As the follower count of @BPGlobalPR starts to edge past 60,000 people just over one week after its inaugural tweet, the identity of the author remains completely unknown.

Twitter

Anonymity on the Web is a complicated issue: It enables the ghastliest of YouTube comments, but at the same time it makes @BPGlobalPR all the more hilarious, icing the story with thick swaths of intrigue. Who's behind it? Is the rumor true that BP has petitioned to Twitter to have the account banned? How soon until it gets acquired by The Onion?

The flurry of speculation is remarkably similar to when a satirical blog called The Secret Diary of Steve Jobs--presenting a particularly megalomaniacal caricature of the Apple CEO--started gaining momentum three years ago, and continued under complete anonymity for several months until it was finally outed as tech writer Dan Lyons. Lyons kept up the blog, which he eventually turned into a book and a TV pilot deal, but it lost a little bit of its luster once the author was unmasked.

@BPGlobalPR, which pretends to be written by a fictional BP employee named "Terry" (interesting that the author chose a gender-ambiguous name), has done several "interviews" with outlets like Mashable. But as Fake Steve Jobs did before he was outed as Lyons, "Terry" has stayed in character for the interviews.

Now, signs continue to point to the likelihood that @BPGlobalPR is authored by someone working for a well-known comedy outlet. Advertising Age speculated that it may be connected to someone at Funny Or Die, because a staffer from that online comedy outlet was the account's first follower.

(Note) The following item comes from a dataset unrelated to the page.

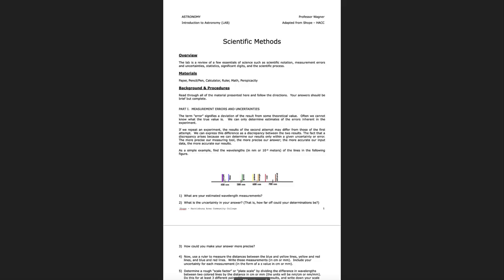Greetings and welcome to the introduction to astronomy and physical science. In this video we are going to go through the scientific methods lab and walk you through the various steps and things that you will need. I'll go through each section to help you understand what you need in each one. I give you a basic overview of the materials that you might need for this lab, and then we're going to talk about measurement errors and uncertainties in part one.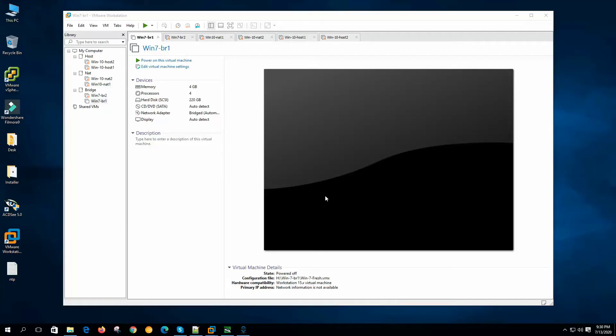Hi, welcome to VMware tutorial for beginners. In this series we are learning how to make a home lab with VMware workstations step by step for network and system administration practices.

CNET received a tip that it was a CollegeHumor writer, but CollegeHumor co-founder Ricky Van Veen's response when questioned was, "I don't think so." Others wonder whether it's the work of provocative culture-jamming group The Yes Men, who have skewered oil companies before.

This reporter had a personal theory that "Terry" is Brett Michael Dykes, the New Orleans-based blogger behind a now-defunct satirical blog that claimed to be written by Gawker Media founder Nick Denton. This was proven wrong when Dykes, who uses the online alias "Cajun Boy," responded to an e-mail with "No, but I'm p***ed that I didn't think of it."

It appears that whoever "Terry" is, he or she may get to keep on tweeting. Regarding the rumor spreading on Twitter that BP had petitioned to Twitter to have the account taken down, a Twitter representative declined to comment, and a call to BP's actual public relations department was met with an "I have no idea, I'm sorry." Oddly enough, it speaks well of BP if the company isn't trying to have the satirical account banned, but there may be a change regardless as Twitter requires parody and tribute accounts to be explicitly flagged as such. Last year, Twitter suspended an unofficial Dalai Lama account that looked like it was pretending to come from the spiritual leader himself; it returned once the author made it clear that it was a tribute.

BP has a real Twitter account, @BP_America, which @BPGlobalPR repeatedly accuses of being an impostor.

Update Friday 3:45 p.m. PDT: Wired magazine writer Mat Honan seemed to out Mike Monteiro as the author of @BPGlobalPR on Wednesday in a message that claimed Monteiro was the author of the account and had scored a book deal for it already, then said in a tweet immediately following that he was joking. CNET's original correction on this story implied that the joke was about the book deal, but not the authorship of the account itself; in a lengthy conversation currently indexed in the dregs of Twitter (bring popcorn), Honan asserted explicitly that he was joking about the whole thing.

Wired magazine's Twitter feed retweeted the original tweet; Monteiro denied it obliquely, appeared to finally admit to it, and then denied it again. Monteiro has not responded to an e-mail request for comment. Considering both Honan and Monteiro are well-known Twitter jokesters (Honan's Twitter account is even known as "Fake Mat Honan"), the situation remains a mystery.

The entire Twitter conversation turned into a massive feat of dizzying digital mudslinging. I recommend that instead of attempting to parse it, that you help out Gulf Coast wildlife affected by the oil spill by donating $10 to the National Wildlife Federation through the text-message code "WILDLIFE" to the number "20222."